La decisione arriva dopo meno di un mese dalla Conferenza internazionale sull’Afghanistan tenuta a Bonn, dove i principali attori del conflitto afghano, incluso il presidente Karzai, hanno ribadito la centralità  di una società  civile solida e autonoma per la pacificazione del paese. La decisione di Karzai contraddice le parole pronunciate a Bonn, dimostrandone la vuota retorica, mentre dalla cancellerie occidentali per ora non arrivano segnali di condanna. 
Eppure, la questione è importante: secondo Fabrizio Foschini, ricercatore presso l’Afghanistan Analysts Network di Kabul, quello di Karzai è l’ennesimo tentativo di marcare una delle più importanti istituzioni della società  civile, i cui membri negli ultimi anni hanno dimostrato di saper tenere la schiena dritta. L’obiettivo, «creare una società  civile “di governo”», attraverso il metodo in cui Karzai è maestro riconosciuto: «Manovrare attraverso i suoi poteri di nomina, accontentare questo o quell’alleato, piazzare un fido al posto giusto», dispensare posti e favori per puntellare il consenso a una presidenza sempre più zoppicante. 

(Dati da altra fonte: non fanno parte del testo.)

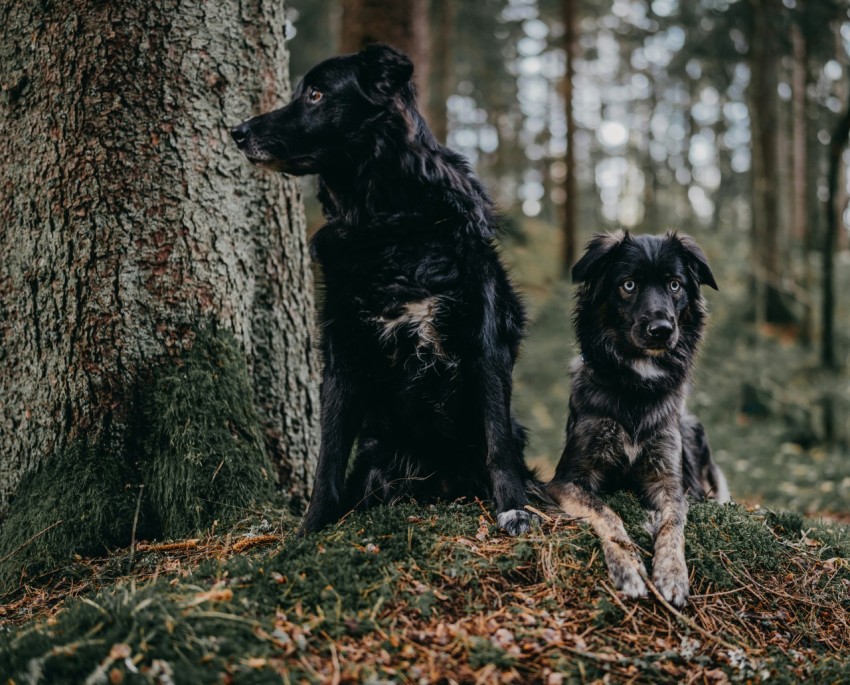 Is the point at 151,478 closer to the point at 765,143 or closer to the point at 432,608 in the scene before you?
Result: the point at 432,608

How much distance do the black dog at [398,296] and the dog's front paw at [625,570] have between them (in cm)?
51

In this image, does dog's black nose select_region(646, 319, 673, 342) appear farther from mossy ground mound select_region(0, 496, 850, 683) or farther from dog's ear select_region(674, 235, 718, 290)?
mossy ground mound select_region(0, 496, 850, 683)

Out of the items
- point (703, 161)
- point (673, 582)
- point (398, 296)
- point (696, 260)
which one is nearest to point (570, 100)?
point (696, 260)

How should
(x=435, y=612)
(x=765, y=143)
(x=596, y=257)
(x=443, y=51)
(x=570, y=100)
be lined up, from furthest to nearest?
(x=443, y=51) < (x=570, y=100) < (x=765, y=143) < (x=596, y=257) < (x=435, y=612)

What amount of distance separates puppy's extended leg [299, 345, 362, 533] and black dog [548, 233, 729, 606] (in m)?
1.13

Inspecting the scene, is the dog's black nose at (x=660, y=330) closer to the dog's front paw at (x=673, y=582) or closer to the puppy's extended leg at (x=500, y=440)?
the puppy's extended leg at (x=500, y=440)

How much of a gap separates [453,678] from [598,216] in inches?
1228

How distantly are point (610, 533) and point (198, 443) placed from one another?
217cm

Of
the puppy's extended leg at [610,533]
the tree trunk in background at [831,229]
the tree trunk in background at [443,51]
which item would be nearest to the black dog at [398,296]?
the puppy's extended leg at [610,533]

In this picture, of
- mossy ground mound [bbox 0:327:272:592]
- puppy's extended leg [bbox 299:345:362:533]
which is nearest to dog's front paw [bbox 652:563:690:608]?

Ma «una società  civile governativa» è una contraddizione in termini troppo evidente, e le critiche sono piovute da molte parti. In primo luogo, dalla stessa Commissione indipendente per i diritti umani, il cui direttore esecutivo, Mohammed Musa Mahmoudi, ha dichiarato che il governo avrebbe dovuto passare per un processo consultivo con accademici e organizzazioni della società  civile, e che la decisione presa mina la credibilità  della sua istituzione: «Se ci sono tentativi di controllare la commissione, ciò confermerebbe la tesi dell’Economist secondo cui il governo afghano è uno dei regimi autoritari nel mondo. Tutto questo indebolirebbe la nostra democrazia». 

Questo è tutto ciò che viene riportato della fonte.